De la perte de la qualité d'associé dans les SAS

Consacrant une notion d' "éviction" de l'associé, distincte de celle de l' "exclusion", la décision prise à l'automne 2015 par la Cour de cassation réjouira les praticiens qui ne manqueront pas de multiplier les clauses d'éviction, s'affranchissant ainsi des contraintes et des limites liées à la clause d'exclusion. Par Henri-Louis Delsol, Avocat associé, Delsol Avocats

Les associés de sociétés par actions simplifiées souhaitent fréquemment organiser en amont les modalités de sortie d'un associé en cas de mésentente ou pour toute autre raison qui leur appartient. Deux moyens de contraindre un associé au départ sont habituellement utilisés par les praticiens : la clause d'exclusion et la promesse de cession de titres.

Les modalités actuelles

En effet, d'une part, la loi autorise expressément les associés d'une société par actions simplifiée à prévoir qu'un associé sera tenu de céder ses actions dans des situations prédéfinies ; cette clause d'exclusion devra nécessairement être insérée dans les statuts et elle devra faire l'unanimité lors de son adoption comme lors de sa modification.

D'autre part, la pratique des promesses de cession de titres s'est répandue ; une telle promesse peut figurer dans les statuts, mais elle peut aussi et surtout figurer dans un pacte d'associés si l'on souhaite lui assurer une certaine confidentialité. La distinction entre les notions de clause d'exclusion et de promesse de cession de titres a pu paraître un temps très théorique. En effet, quelle qu'en soit la qualification juridique, la clause contraignant un associé à céder ses titres aboutit au même résultat : l'associé concerné perd sa qualité d'associé et les droits qui y sont attachés.

Toutefois, la Cour de cassation devient de plus en plus stricte sur l'application des clauses statutaires d'exclusion, en exigeant par exemple le respect des droits de la défense et en prévoyant la nullité des clauses d'exclusion privant l'associé concerné de son droit de vote (sur sa propre exclusion).

Éviction

C'est dans ce contexte qu'au printemps 2014, la Cour de cassation a affirmé que l'engagement pris dans un pacte par un associé conférant à un autre associé "une option d'achat de ses droits sociaux en cas de cessation de ses fonctions devait recevoir la qualification de promesse unilatérale de vente" (Cass. com., 6 mai 2014, n°13-17.349).

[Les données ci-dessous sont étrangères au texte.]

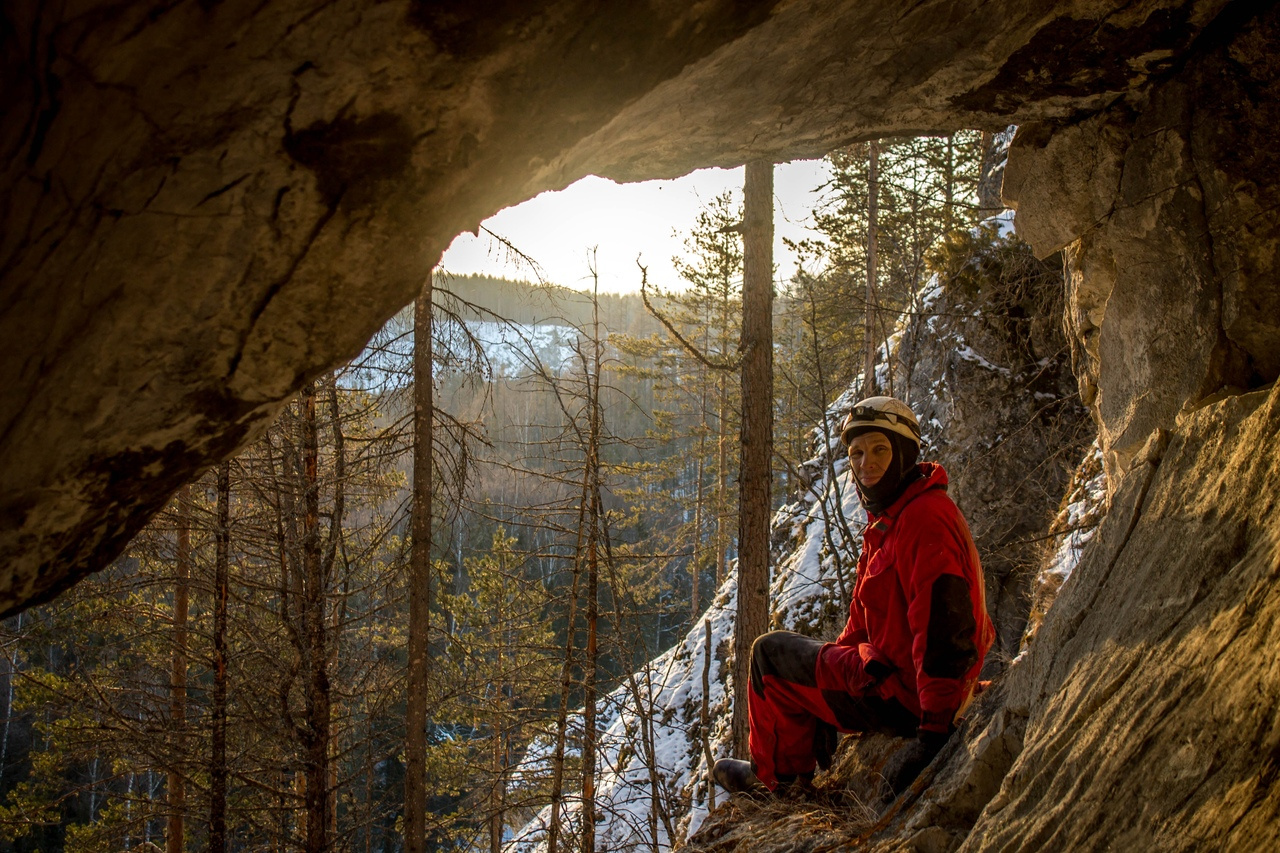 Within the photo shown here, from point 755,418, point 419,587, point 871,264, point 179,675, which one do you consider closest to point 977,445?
point 755,418

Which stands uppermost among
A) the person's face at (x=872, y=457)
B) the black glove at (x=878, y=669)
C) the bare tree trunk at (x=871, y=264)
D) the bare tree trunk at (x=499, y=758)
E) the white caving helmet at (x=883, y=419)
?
the bare tree trunk at (x=871, y=264)

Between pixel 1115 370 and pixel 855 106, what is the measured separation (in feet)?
5.47

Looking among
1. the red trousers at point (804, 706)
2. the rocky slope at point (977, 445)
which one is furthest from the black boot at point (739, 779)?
the rocky slope at point (977, 445)

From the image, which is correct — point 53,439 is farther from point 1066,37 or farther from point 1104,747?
point 1066,37

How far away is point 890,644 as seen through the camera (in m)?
3.31

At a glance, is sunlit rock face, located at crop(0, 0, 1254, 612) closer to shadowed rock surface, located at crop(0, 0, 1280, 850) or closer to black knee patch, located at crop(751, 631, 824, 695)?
shadowed rock surface, located at crop(0, 0, 1280, 850)

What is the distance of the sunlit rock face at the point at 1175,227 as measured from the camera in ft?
8.31

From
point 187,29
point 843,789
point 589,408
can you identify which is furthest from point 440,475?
point 187,29

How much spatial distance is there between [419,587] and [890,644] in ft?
17.3

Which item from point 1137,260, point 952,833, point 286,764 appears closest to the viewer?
point 952,833

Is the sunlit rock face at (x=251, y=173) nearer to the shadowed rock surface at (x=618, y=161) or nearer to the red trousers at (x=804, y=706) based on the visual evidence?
the shadowed rock surface at (x=618, y=161)

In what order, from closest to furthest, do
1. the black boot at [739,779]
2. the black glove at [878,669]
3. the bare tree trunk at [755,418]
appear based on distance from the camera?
the black glove at [878,669] → the black boot at [739,779] → the bare tree trunk at [755,418]

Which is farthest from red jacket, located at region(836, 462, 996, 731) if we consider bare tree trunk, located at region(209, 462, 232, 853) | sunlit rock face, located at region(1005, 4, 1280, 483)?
bare tree trunk, located at region(209, 462, 232, 853)

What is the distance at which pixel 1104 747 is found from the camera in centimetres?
201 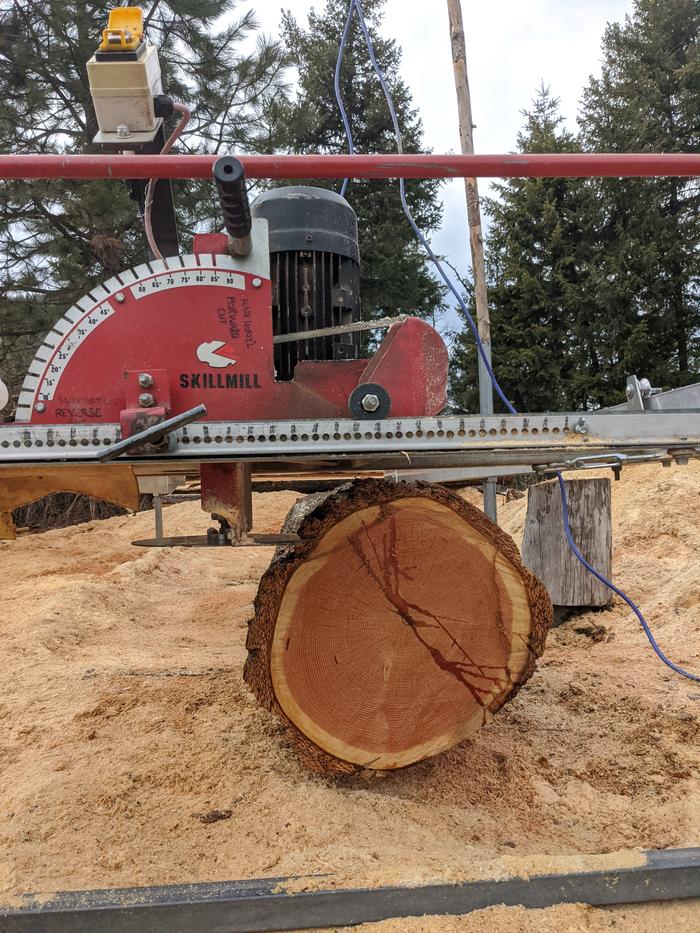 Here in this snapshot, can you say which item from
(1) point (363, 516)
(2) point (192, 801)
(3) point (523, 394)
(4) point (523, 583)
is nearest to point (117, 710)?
(2) point (192, 801)

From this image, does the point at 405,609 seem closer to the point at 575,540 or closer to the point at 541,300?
the point at 575,540

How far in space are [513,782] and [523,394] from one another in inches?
433

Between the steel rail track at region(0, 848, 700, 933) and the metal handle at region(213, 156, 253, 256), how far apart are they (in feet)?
4.75

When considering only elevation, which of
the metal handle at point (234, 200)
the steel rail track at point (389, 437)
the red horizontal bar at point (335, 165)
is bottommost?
the steel rail track at point (389, 437)

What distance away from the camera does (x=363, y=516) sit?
183cm

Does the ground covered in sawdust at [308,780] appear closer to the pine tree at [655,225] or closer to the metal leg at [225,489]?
the metal leg at [225,489]

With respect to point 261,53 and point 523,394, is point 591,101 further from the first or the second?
point 261,53

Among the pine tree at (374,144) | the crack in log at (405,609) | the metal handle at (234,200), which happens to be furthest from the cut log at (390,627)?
the pine tree at (374,144)

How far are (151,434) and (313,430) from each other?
0.35m

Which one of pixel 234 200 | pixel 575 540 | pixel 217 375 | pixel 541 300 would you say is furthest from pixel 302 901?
pixel 541 300

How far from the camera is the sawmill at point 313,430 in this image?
1.48 metres

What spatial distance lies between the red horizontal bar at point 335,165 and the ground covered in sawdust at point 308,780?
1.59 m

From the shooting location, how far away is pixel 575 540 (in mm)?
3744

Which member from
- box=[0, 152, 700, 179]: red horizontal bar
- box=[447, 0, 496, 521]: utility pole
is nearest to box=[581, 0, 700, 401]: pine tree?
Result: box=[447, 0, 496, 521]: utility pole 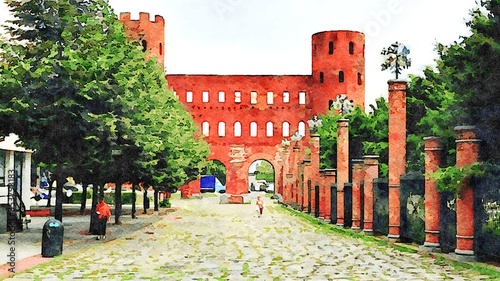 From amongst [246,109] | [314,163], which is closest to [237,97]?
[246,109]

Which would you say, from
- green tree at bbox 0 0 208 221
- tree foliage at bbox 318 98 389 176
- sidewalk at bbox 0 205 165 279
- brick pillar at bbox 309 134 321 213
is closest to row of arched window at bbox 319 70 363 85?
tree foliage at bbox 318 98 389 176

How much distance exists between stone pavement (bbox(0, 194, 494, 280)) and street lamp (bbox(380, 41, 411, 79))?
562 centimetres

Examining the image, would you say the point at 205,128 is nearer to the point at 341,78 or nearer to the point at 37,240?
the point at 341,78

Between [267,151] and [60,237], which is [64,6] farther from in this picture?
[267,151]

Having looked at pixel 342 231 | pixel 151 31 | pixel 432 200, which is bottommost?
pixel 342 231

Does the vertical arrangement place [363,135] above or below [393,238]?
above

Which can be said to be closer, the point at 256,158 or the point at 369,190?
the point at 369,190

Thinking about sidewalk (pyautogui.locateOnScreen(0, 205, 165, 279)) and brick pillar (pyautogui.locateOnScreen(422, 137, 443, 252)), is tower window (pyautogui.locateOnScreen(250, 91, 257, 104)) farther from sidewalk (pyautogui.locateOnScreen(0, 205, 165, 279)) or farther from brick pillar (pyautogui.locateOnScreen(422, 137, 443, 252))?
brick pillar (pyautogui.locateOnScreen(422, 137, 443, 252))

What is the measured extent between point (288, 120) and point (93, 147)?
209ft

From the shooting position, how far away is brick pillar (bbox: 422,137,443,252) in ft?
67.9

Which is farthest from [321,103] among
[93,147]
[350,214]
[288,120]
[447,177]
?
[447,177]

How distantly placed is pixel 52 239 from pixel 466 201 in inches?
384

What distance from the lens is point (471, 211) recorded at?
714 inches

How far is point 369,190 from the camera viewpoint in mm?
28328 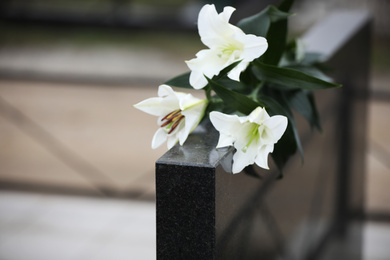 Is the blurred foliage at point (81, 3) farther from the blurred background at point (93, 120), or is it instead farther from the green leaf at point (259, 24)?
the green leaf at point (259, 24)

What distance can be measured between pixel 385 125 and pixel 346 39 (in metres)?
2.27

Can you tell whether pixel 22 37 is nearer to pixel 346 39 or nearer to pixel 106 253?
pixel 106 253

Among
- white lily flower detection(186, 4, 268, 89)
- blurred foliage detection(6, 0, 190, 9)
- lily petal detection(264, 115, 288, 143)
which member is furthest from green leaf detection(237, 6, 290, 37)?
blurred foliage detection(6, 0, 190, 9)

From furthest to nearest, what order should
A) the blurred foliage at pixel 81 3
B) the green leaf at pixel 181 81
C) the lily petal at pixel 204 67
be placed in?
the blurred foliage at pixel 81 3, the green leaf at pixel 181 81, the lily petal at pixel 204 67

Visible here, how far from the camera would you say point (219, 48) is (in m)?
1.00

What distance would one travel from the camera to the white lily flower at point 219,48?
96 cm

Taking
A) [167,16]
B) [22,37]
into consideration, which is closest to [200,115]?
[167,16]

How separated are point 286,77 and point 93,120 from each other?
332 cm

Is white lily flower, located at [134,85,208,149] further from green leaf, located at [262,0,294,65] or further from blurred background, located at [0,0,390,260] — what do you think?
blurred background, located at [0,0,390,260]

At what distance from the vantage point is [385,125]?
4102 millimetres

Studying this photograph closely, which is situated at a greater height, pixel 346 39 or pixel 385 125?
pixel 385 125

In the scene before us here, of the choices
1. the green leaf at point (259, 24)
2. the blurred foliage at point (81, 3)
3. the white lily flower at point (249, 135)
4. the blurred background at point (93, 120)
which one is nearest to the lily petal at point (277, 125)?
the white lily flower at point (249, 135)

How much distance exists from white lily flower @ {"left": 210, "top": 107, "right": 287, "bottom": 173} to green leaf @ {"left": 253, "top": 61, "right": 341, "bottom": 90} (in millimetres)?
145

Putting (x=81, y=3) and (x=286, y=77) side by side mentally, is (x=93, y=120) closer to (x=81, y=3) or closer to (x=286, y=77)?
(x=286, y=77) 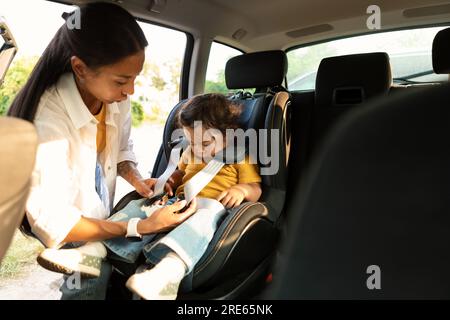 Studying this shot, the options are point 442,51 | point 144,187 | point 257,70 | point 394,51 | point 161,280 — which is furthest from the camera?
point 394,51

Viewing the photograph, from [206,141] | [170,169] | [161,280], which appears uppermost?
[206,141]

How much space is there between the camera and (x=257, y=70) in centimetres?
231

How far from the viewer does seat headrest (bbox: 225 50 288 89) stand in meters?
2.26

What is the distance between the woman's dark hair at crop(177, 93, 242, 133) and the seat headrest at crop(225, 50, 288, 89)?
0.41m

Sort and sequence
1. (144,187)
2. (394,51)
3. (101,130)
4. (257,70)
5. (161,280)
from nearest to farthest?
1. (161,280)
2. (101,130)
3. (144,187)
4. (257,70)
5. (394,51)

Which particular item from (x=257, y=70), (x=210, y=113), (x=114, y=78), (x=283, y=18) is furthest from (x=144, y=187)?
(x=283, y=18)

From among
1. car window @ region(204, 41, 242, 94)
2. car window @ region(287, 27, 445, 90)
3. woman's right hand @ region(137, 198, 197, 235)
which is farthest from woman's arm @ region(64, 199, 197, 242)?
car window @ region(287, 27, 445, 90)

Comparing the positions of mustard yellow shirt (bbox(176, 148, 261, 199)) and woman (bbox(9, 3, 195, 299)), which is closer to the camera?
woman (bbox(9, 3, 195, 299))

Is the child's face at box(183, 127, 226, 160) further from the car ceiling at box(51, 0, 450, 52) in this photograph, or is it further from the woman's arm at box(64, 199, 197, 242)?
the car ceiling at box(51, 0, 450, 52)

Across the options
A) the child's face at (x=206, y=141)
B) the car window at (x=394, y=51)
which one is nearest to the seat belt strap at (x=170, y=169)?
the child's face at (x=206, y=141)

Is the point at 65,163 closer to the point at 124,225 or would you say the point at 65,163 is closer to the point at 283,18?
the point at 124,225

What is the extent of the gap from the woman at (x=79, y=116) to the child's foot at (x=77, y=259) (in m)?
0.03

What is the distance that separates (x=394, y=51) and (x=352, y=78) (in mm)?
1151

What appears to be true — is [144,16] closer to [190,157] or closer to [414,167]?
[190,157] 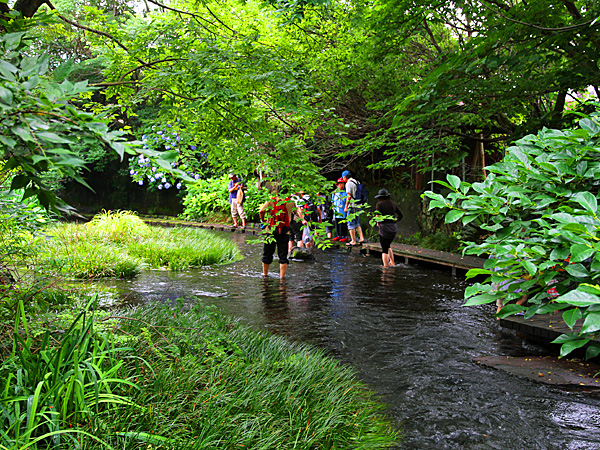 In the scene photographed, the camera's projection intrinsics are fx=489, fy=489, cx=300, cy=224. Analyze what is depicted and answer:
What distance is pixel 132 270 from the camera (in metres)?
10.3

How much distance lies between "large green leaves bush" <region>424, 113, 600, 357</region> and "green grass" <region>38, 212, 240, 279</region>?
725 cm

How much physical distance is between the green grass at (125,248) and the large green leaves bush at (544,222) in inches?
286

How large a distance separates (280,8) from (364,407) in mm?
4491

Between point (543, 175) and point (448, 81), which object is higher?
point (448, 81)

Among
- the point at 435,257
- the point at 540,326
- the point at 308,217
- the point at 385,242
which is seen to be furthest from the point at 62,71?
the point at 308,217

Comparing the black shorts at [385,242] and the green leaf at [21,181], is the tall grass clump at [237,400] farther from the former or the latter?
the black shorts at [385,242]

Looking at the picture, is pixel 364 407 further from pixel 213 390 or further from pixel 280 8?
pixel 280 8

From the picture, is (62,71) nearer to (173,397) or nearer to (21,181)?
(21,181)

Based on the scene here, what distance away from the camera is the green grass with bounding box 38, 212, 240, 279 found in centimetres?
989

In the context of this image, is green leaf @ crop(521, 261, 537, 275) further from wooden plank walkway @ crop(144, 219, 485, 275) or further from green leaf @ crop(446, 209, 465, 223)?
wooden plank walkway @ crop(144, 219, 485, 275)

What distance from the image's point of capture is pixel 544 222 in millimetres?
1803

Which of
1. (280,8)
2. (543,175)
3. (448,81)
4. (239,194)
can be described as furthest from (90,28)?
(239,194)

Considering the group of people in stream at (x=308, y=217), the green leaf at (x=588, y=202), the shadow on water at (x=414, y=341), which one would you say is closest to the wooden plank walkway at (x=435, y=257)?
the shadow on water at (x=414, y=341)

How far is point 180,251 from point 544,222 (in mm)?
11425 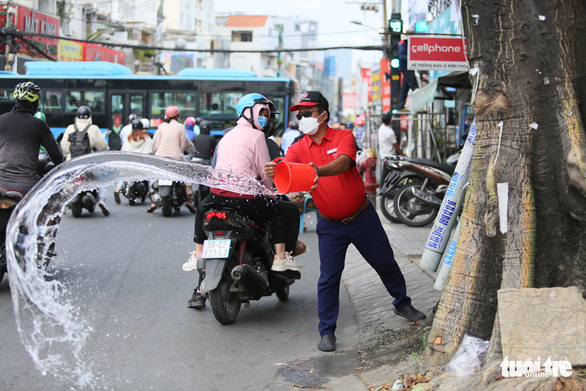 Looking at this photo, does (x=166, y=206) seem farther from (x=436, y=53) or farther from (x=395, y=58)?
(x=395, y=58)

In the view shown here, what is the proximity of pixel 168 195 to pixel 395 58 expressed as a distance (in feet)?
23.5

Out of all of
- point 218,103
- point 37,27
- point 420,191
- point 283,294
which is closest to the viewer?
point 283,294

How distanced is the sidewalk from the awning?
5204 mm

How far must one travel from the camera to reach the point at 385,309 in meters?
6.05

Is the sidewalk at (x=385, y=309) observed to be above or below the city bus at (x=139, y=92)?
below

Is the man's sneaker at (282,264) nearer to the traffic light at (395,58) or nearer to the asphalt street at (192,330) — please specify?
the asphalt street at (192,330)

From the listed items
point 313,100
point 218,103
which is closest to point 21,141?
point 313,100

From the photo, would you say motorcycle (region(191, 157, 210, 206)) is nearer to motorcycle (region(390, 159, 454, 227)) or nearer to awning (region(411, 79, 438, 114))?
motorcycle (region(390, 159, 454, 227))

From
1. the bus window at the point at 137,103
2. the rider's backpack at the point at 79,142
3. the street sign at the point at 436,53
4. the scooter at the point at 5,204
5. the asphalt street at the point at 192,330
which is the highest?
the street sign at the point at 436,53

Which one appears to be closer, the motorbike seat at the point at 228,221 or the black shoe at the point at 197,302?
the motorbike seat at the point at 228,221

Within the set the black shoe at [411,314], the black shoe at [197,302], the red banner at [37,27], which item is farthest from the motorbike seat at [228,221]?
the red banner at [37,27]

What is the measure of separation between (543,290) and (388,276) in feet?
5.53

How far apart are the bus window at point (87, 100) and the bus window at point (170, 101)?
6.54 ft

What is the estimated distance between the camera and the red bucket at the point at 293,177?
4.18m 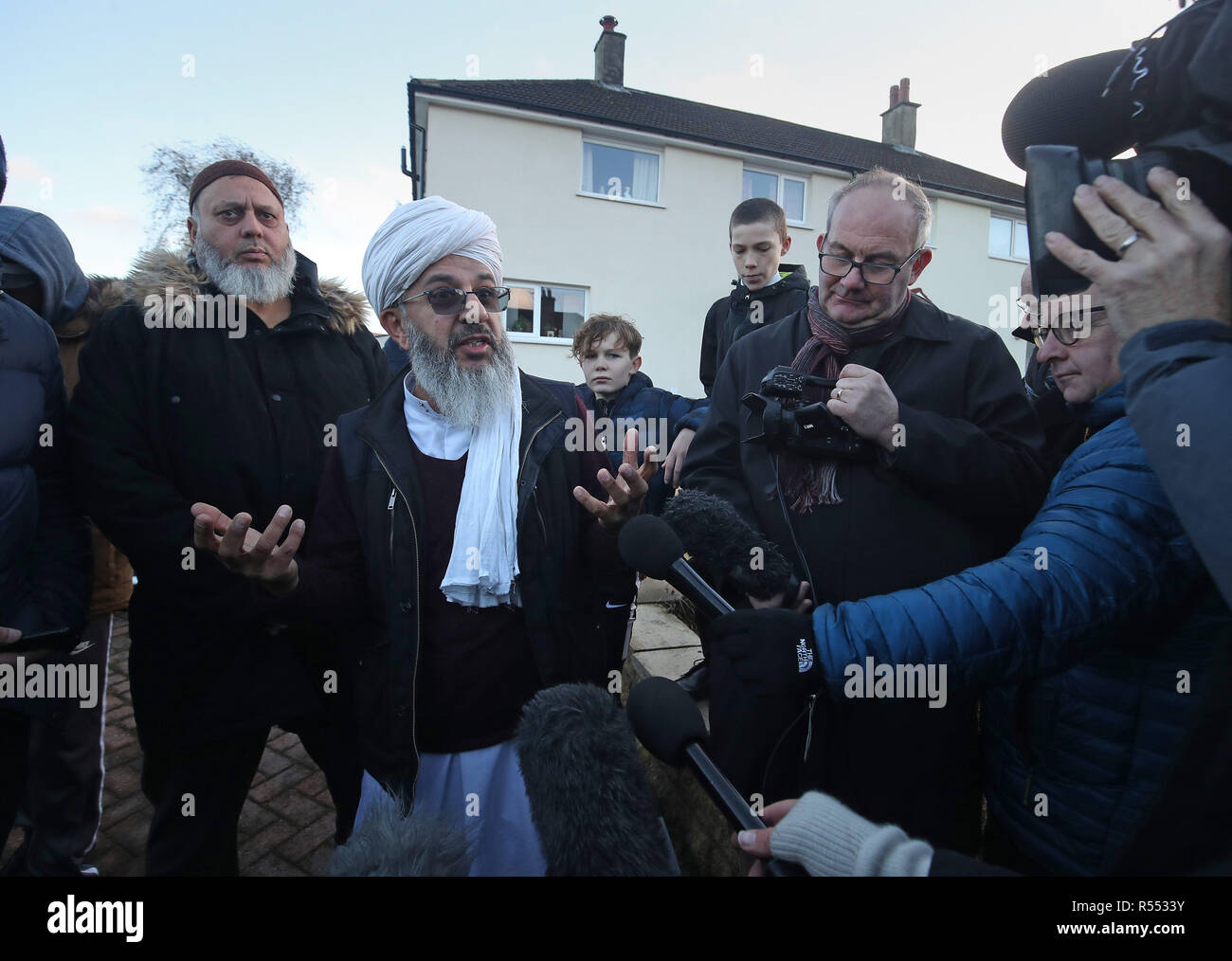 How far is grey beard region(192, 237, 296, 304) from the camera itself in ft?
7.61

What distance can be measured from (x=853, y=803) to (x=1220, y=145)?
1594 mm

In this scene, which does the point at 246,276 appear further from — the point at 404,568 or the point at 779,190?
the point at 779,190

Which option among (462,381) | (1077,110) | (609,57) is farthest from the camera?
(609,57)

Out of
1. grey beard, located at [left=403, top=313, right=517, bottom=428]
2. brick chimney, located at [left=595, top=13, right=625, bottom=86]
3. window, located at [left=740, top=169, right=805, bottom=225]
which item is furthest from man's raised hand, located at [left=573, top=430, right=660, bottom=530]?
Answer: brick chimney, located at [left=595, top=13, right=625, bottom=86]

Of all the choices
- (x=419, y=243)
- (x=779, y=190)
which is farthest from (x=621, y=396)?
(x=779, y=190)

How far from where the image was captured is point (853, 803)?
1.70 metres

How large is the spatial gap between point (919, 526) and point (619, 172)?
13.8 metres

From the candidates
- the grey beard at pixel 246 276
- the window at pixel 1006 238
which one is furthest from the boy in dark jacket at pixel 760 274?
the window at pixel 1006 238

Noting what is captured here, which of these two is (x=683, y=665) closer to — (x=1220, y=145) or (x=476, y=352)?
(x=476, y=352)

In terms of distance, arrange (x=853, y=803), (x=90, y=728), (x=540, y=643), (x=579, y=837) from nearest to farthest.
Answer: (x=579, y=837) < (x=853, y=803) < (x=540, y=643) < (x=90, y=728)

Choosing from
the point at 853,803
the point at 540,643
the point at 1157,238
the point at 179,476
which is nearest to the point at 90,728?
the point at 179,476

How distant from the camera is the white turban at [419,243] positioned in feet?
6.86

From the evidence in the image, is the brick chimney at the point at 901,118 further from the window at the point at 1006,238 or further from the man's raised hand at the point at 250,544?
the man's raised hand at the point at 250,544

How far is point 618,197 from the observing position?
43.1 feet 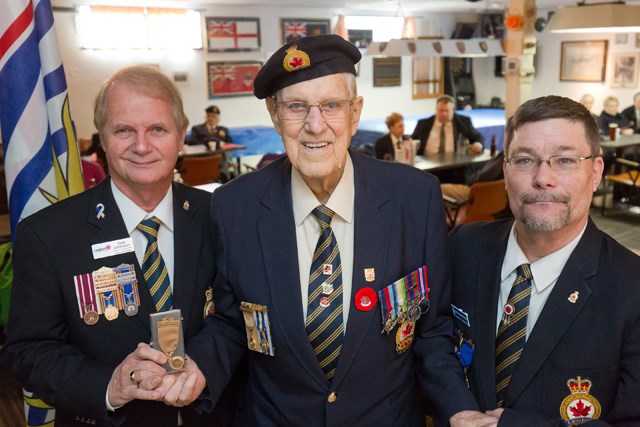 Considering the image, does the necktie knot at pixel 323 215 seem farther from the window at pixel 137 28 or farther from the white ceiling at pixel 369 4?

Cet engagement était donc validé, bien qu'il ne respectait aucune des conditions de validité d'une clause d'exclusion, ne figurant pas dans les statuts et ne prévoyant pas de manière suffisamment précise ses motifs et ses conditions de mise en œuvre.

Les choses se compliquent davantage à l'automne 2015 puisque la Cour de cassation considère dorénavant que la clause selon laquelle tout associé cessant d'être salarié perd dès ce moment sa qualité d'associé constitue non pas une clause d'exclusion, mais une clause d'éviction (Cass. com., 29 septembre 2015, n°14-17.343).

Consacrant une notion d' "éviction" de l'associé, distincte de celle de l'"exclusion", cette décision - surprenante - de la Cour de cassation réjouira les praticiens qui ne manqueront pas de multiplier les clauses d'éviction, s'affranchissant ainsi des contraintes et des limites liées à la clause d'exclusion.